Directions for this task: Repeat the records below exactly from the line containing "Org chart level selector before printing" to the line containing "属龙和属兔时辰合不合财", taking in both of those lines. Drop the pictures.

+++ Source data

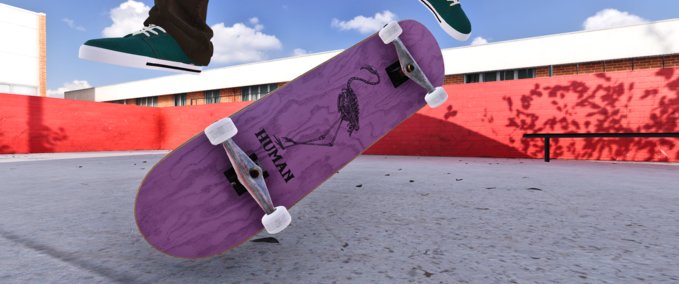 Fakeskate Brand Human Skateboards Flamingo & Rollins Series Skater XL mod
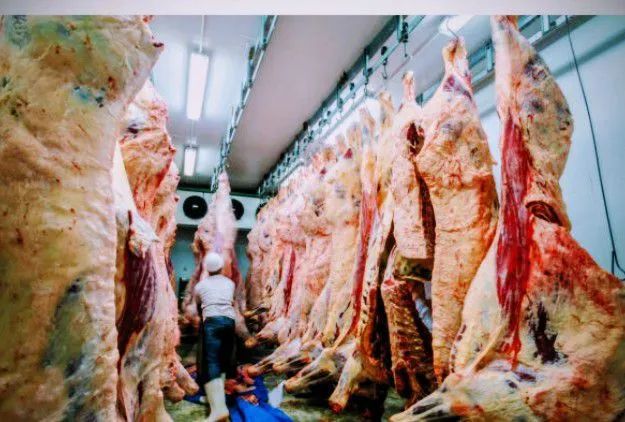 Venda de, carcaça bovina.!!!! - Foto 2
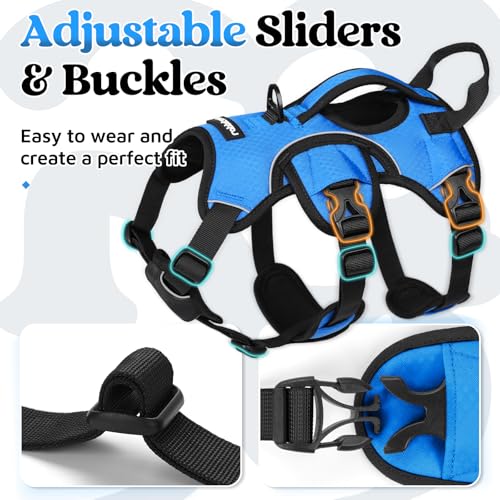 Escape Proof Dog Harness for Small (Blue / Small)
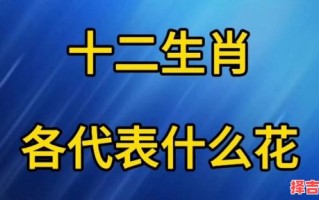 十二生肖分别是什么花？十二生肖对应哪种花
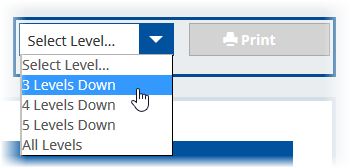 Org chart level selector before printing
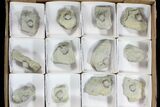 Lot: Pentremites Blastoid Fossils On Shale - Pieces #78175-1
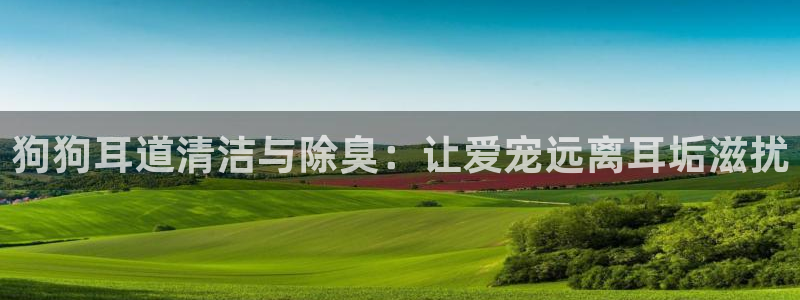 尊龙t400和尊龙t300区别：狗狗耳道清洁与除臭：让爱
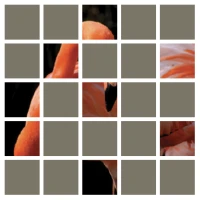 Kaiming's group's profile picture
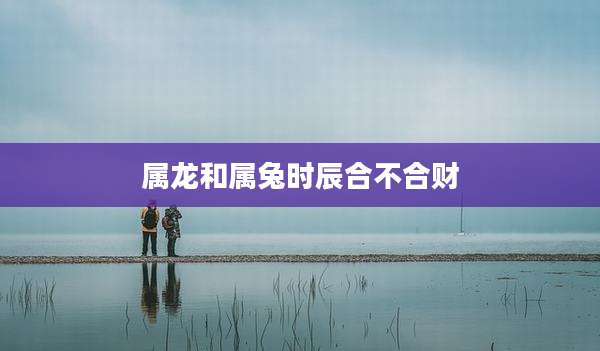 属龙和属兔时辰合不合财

++++++
+++ Source data

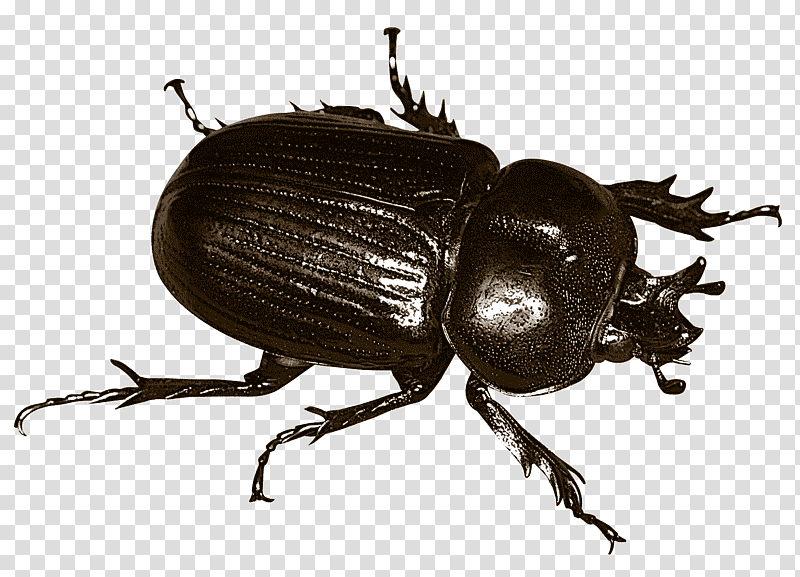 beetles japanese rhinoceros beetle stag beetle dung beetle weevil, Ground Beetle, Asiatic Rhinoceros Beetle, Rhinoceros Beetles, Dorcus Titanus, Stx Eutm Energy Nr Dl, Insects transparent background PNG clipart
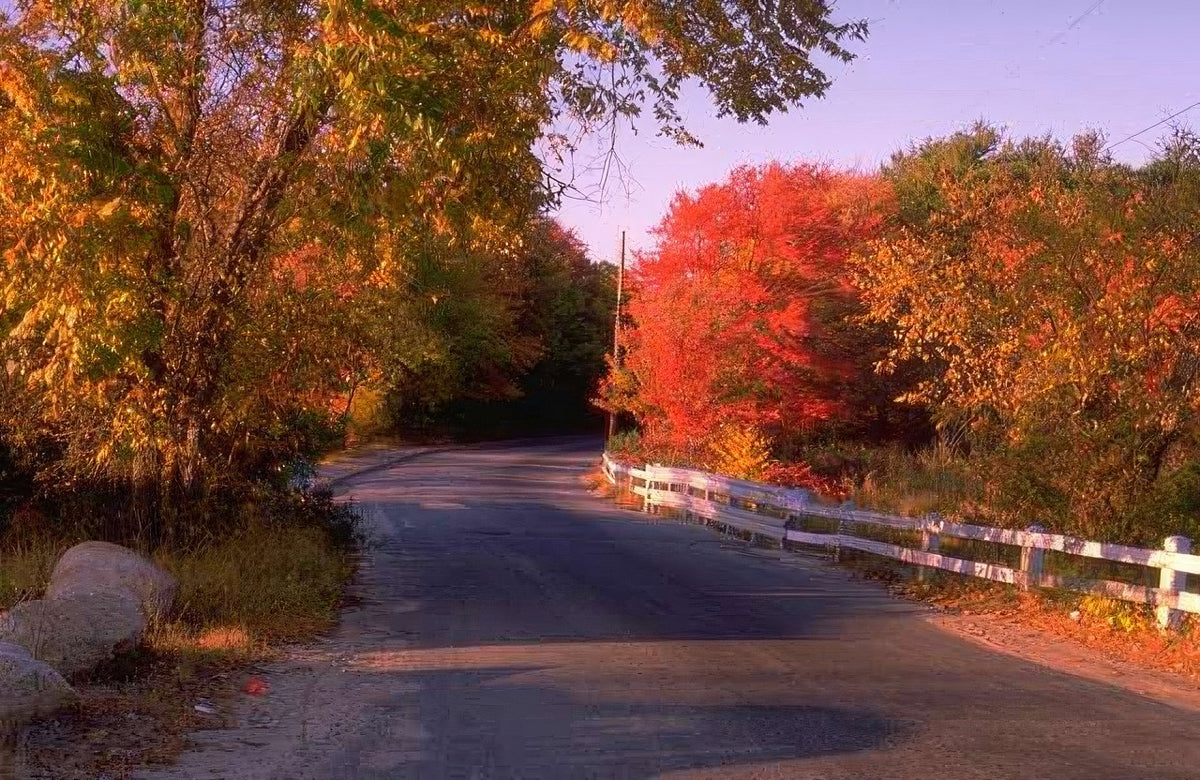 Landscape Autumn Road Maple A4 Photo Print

++++++
+++ Source data

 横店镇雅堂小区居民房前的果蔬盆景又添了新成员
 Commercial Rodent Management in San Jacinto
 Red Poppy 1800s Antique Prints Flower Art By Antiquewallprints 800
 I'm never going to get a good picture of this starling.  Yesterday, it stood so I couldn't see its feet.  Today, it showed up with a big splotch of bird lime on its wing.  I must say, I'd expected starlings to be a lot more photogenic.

++++++

Written answer:
 Org chart level selector before printing
 Lot: Pentremites Blastoid Fossils On Shale - Pieces #78175-1
 尊龙t400和尊龙t300区别：狗狗耳道清洁与除臭：让爱
 Kaiming's group's profile picture
 属龙和属兔时辰合不合财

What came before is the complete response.